Reproduce the entries shown below only from the line with "Televizor 2 ta 2 ta tuneri bilan" down to the line with "2007 Toyota Yaris", keeping both end lines and copying each one exactly.

### Working data
-=-=-=-=-

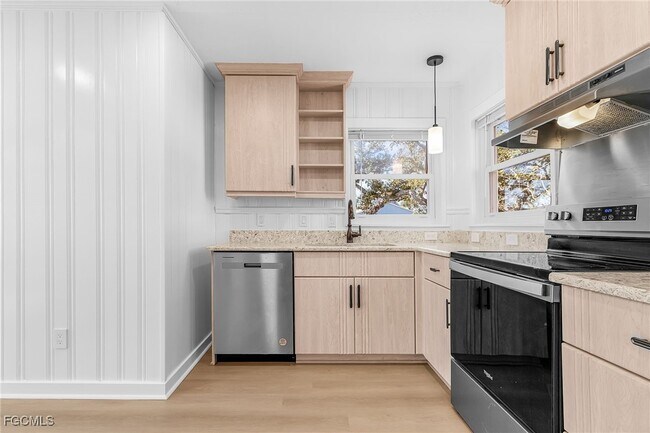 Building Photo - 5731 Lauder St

-=-=-=-=-

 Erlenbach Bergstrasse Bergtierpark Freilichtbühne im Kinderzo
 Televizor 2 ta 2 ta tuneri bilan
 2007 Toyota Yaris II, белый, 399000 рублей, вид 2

-=-=-=-=-

### Answer section
 Televizor 2 ta 2 ta tuneri bilan
 2007 Toyota Yaris II, белый, 399000 рублей, вид 2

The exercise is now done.